スタジアム建設と管理は、市が県から設置許可を得て、アンリミテッド(吉田雅一社長)=同市住吉4丁目=と、関連会社ノーマーク(西岡保之社長)=東京都港区=が共同で進める。

市と2社は令和3年6月にスタジアム設置と管理に関する協定を締結しており、施設の設置や設置に伴う公園機能復旧にかかる費用は2社が負担することや、原状回復の義務を2社が負うことなど、16項目を取り決めている。

12月定例議会で市が明らかにした2社の企業概要や業績によると、アンリミテッドは資本金9950万円、従業員13人で、同チーム運営をはじめ、フットサル場の運営、ジュニア世代のサッカースクール事業などのほか、インターネット広告代理店事業やメディア事業をする。直近の売上高は4億9700万円、経常利益4600万円。

ノーマークは資本金2億1000万円、従業員27人で、インターネット事業を中心とした多角的な事業展開のほか、スポーツ関連事業も手がける。直近の売上高は41億1800万円。経常利益6300万円。

1月28日、吉田社長は同市御薗町の三重交通Gスポーツの杜鈴鹿で記者会見を開き、「鈴鹿に正真正銘のフットボールタウンをつくり、子どもたちの夢をつくること、そしてこの町の老若男女のみなさんに生きる活力を与えること、それが私たちの使命」とスタジアム建設への熱い思いを語り、「最終的には観戦客1万5000人のJ1規格を目指す成長型スタジアムとしてスタートを切りたい」と意気込みを見せた。

敷地面積約5万平方メートルに、J3規格で観戦客5000人収容のスタジアムとクラブハウス、多目的グラウンドを整備する。

人工芝の多目的グラウンドは市民に一般開放するほか、防災面でも活用していく考え。「公益性の高い施設」として、県は市の公園使用料を全額免除する。

一方、吉田社長は8億円の返済計画についての質問には回答を避けた。さらに、建設費の8億円以外にも、J3規格の照明設備が別途必要となることを明らかにしたものの、上積みされる見込み額については言葉を濁した。

着工後の今月下旬にアンリミッテッドに再度確認したところ、丸山謙介広報部長は「現段階で回答することはできない。タイミングが来たら発表する」と答えたが結局、その「タイミング」が、いつのことなのかは分からなかった。

市スポーツ課の田之上勉主幹は「チケット収入やグッズの売り上げなど漠然とした話は聞いているが、具体的な返済計画は聞いていない。今後詰める必要がある」と話す。

チームはサッカー元日本代表三浦知良選手の期限付き移籍で、知名度や注目度が上がっている。ファンの期待も大きい。

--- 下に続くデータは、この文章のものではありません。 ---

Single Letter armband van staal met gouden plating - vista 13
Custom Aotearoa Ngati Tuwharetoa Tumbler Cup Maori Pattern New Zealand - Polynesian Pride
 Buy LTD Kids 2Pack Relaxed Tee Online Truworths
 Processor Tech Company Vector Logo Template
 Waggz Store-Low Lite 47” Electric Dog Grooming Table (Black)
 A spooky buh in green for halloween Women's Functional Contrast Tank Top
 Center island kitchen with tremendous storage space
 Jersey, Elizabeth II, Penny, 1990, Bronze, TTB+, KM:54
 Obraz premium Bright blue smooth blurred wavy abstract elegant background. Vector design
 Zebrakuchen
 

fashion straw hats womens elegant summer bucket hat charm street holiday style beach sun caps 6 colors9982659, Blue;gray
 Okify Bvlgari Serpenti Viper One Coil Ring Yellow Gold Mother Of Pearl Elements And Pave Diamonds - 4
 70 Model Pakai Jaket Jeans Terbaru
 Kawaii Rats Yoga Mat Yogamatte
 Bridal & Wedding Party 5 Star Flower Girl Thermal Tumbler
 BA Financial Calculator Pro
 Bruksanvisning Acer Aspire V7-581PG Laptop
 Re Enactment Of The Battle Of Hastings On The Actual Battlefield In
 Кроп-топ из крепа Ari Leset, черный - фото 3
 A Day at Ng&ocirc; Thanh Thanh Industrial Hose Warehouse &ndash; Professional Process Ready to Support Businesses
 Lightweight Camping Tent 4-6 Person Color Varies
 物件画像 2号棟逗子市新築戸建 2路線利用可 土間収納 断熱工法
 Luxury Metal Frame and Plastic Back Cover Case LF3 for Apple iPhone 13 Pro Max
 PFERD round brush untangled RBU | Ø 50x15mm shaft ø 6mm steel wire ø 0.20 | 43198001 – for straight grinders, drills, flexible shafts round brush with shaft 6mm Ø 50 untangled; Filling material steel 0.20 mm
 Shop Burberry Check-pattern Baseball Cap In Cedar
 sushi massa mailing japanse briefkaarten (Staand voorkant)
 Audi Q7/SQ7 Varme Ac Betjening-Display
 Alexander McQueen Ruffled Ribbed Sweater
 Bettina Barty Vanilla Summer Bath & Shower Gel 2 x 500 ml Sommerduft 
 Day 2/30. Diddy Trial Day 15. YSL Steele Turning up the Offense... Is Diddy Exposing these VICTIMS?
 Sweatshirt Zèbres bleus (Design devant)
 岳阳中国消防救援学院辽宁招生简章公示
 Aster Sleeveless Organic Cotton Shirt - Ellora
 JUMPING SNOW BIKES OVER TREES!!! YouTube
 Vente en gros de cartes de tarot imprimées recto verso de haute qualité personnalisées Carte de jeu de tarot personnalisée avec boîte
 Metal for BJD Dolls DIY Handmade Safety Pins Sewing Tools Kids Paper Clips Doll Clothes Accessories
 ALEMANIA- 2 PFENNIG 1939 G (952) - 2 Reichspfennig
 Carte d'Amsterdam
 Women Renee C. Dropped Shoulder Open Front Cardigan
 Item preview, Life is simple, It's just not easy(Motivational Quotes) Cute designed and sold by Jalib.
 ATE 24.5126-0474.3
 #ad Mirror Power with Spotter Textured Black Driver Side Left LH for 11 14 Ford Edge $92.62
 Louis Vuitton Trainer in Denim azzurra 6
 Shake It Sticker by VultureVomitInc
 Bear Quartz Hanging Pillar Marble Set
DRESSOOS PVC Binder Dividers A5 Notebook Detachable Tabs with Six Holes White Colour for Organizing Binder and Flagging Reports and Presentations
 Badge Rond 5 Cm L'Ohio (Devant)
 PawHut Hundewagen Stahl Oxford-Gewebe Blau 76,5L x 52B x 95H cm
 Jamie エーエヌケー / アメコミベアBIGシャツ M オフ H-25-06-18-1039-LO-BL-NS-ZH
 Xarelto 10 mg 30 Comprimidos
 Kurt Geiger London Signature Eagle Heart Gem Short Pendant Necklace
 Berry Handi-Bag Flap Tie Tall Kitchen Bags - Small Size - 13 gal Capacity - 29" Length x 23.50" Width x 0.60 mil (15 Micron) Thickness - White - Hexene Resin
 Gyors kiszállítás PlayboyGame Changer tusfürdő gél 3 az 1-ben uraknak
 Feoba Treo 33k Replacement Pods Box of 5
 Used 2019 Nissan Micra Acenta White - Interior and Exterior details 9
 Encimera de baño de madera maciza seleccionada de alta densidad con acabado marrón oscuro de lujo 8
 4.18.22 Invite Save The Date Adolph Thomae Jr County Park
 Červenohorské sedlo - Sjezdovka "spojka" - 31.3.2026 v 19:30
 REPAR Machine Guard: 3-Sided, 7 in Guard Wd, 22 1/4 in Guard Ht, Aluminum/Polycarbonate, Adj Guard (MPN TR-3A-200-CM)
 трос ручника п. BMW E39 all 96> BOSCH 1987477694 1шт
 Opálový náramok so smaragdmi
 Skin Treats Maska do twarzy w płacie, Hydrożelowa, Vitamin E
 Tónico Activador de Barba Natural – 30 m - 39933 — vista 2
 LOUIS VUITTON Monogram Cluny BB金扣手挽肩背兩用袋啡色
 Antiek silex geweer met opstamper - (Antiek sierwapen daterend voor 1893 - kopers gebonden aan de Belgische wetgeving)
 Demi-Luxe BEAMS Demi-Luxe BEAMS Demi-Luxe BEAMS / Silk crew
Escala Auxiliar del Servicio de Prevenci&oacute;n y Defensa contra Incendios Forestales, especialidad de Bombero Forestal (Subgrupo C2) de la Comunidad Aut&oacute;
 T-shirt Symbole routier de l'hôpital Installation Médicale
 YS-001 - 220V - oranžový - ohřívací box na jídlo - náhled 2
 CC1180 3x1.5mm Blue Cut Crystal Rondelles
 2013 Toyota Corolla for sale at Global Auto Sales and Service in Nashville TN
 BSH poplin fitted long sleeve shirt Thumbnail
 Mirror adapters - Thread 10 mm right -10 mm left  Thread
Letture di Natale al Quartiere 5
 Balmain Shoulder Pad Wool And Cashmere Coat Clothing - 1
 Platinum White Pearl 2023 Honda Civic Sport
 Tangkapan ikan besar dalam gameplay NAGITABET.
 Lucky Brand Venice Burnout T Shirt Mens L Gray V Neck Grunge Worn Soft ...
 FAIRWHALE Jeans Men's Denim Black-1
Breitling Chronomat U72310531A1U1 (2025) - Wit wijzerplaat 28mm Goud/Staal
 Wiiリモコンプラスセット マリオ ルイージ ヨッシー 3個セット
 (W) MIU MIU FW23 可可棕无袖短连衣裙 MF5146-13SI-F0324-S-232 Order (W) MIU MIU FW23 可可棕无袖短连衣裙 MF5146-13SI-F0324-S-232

「公益性の高い施設」との評価を受けて公園使用料を全額免除で利用する以上、建設費の税金投入はなくても市民の見る目は厳しくなり、透明性のある丁寧な説明が求められる。サッカーへの熱い思いと同じ熱量の真摯(しんし)な対応が、結果としてチームの夢をかなえることにつながるのではないか。